SLAs or “service level agreements”, define expected service levels in a contract. They cover quality, availability, and responsiveness, among other measurements that facilitate collaboration between all parties involved. However, SLAs have their shortcomings that need to be carefully considered when defining the success of any service program.
1. Pitfall: SLAs measure processes, prioritizing IT and procurement metrics over user needs and business outcomes.
Measuring the outcome of an individual process through SLAs, such as answering calls within a certain timeframe, may lead to a lack of focus on customer satisfaction, which is the ultimate desired outcome. This could result in a situation where the process is followed, but the customer is still dissatisfied.
Solution: Prioritize user-centric goals and consider the business’ desired outcome.
To ensure user satisfaction and the business’ desired outcomes are being met, consider measuring beyond SLAs. This includes customer sentiment, star ratings, NPS, and other customer experience metrics that measure the outcome. These are known as XLAs or Experience Level Agreements.
2. Pitfall: SLAs can be unclear, reactive, shallow, and limited in scope.
SLAs often focus on specific metrics or performance indicators, but they may not capture the full picture of service quality. A complete SLA needs to include performance metrics, audits, review cadences, exceptions, and defined penalties. At the same time, overcomplicated SLAs are more likely to be misinterpreted.
Solution: Ask for clarification and establish a deeper relationship with your service provider.
SLAs should offer a clear, comprehensive establishment of service quality, including potential risks and limitations. Asking for clarification, examples, and additional detail limit misunderstandings and avoid conflict. Penalties need to be clear, attainable standard levels need to be understood, and loopholes need to be removed.
Establishing deeper relationships with your service provider starts with providing context and training on your network. Service providers can then deliver higher-quality assistance and understand the cost of insufficient help. Specialists understand that they are not just responding to a ticket, they have a real-life downstream effect on the business.
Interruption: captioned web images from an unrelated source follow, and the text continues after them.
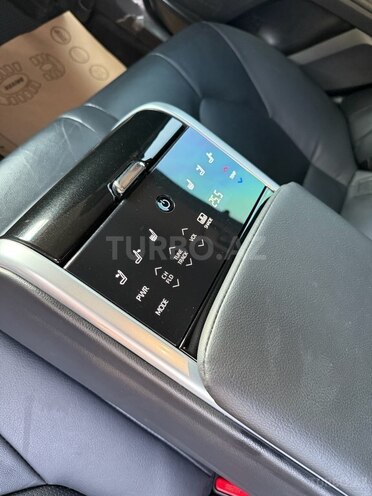 Toyota Camry 2018, 116,500 km - 2.5 л - Bakı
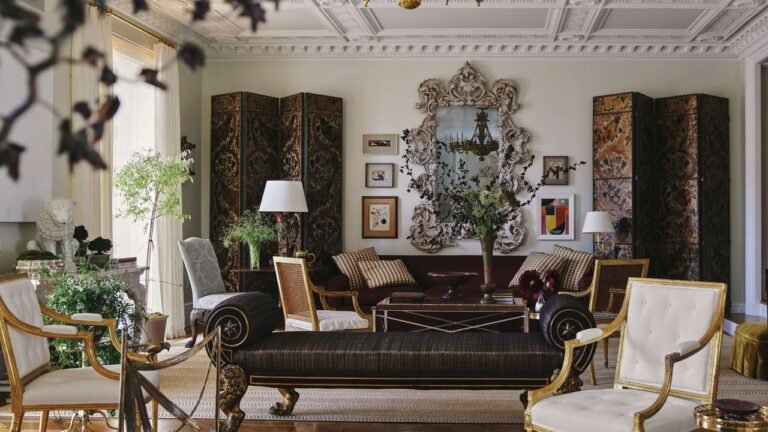 Explore Wes Gordon and Paul Arnhold’s NYC Art-Filled Home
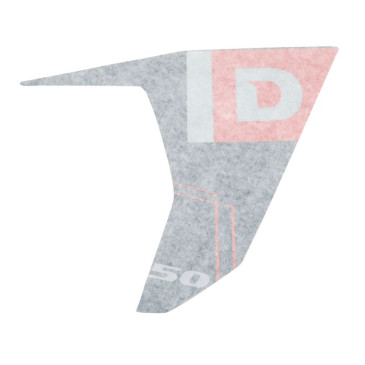 DECALCO -2H002741-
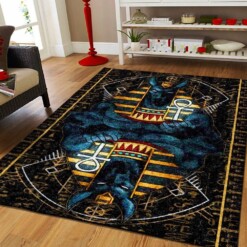 Anubis Rug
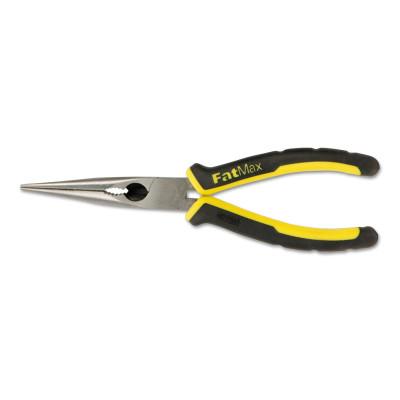 Stanley® FATMAX® Long Nose Pliers with Cutters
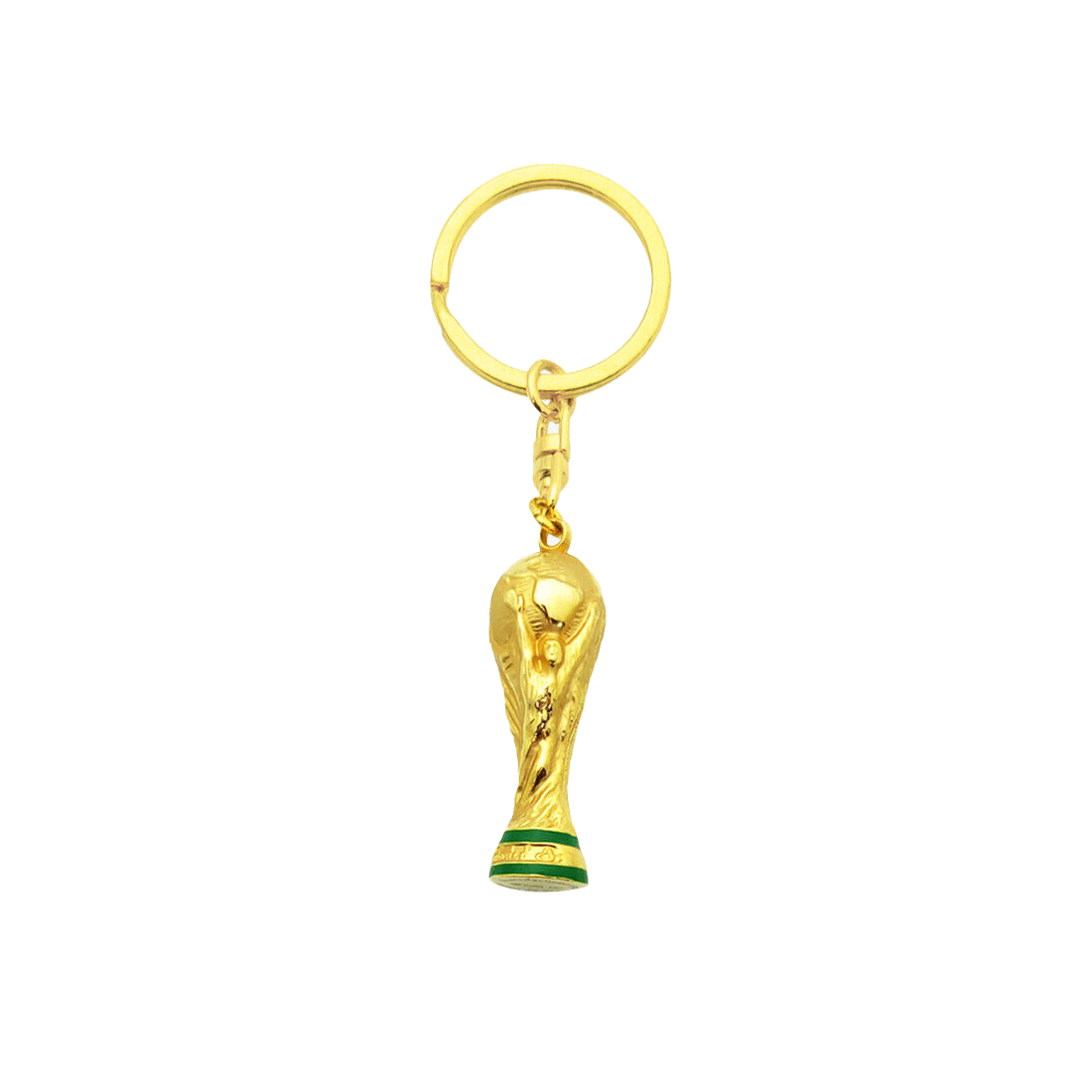 Qlive 3D Trophy Keychain - أكسسوار - Store 974 | ستور ٩٧٤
3. Pitfall: SLAs lack visibility and transparency.
Without proper methods of measuring, SLAs are empty promises. Regular review of SLA metrics with bidirectional feedback is crucial to maintaining a healthy relationship. Customers need to be committed to regular engagement and holding up their end of the agreement. This time invested in the relationship is well-worth it.
Solution: All parties need to be transparent.
Service providers need to provide transparency with regular reviews and handoffs as well as dashboards and reporting of agreed-upon metrics and key performance indicators (KPIs) for customers to reference at any time. Communication channels need to be established and utilized on a regular basis. There also needs to be a mutual understanding of what is within the control of the service provider, what is in control of the customer, and what is out of all parties' control (shipping delays, etc.). This helps set expectations, identify areas for improvement and drive better performance, and establishes a stronger relationship with deeper trust.
4. Pitfall: SLAs can be static, ignoring the changing needs of the customer.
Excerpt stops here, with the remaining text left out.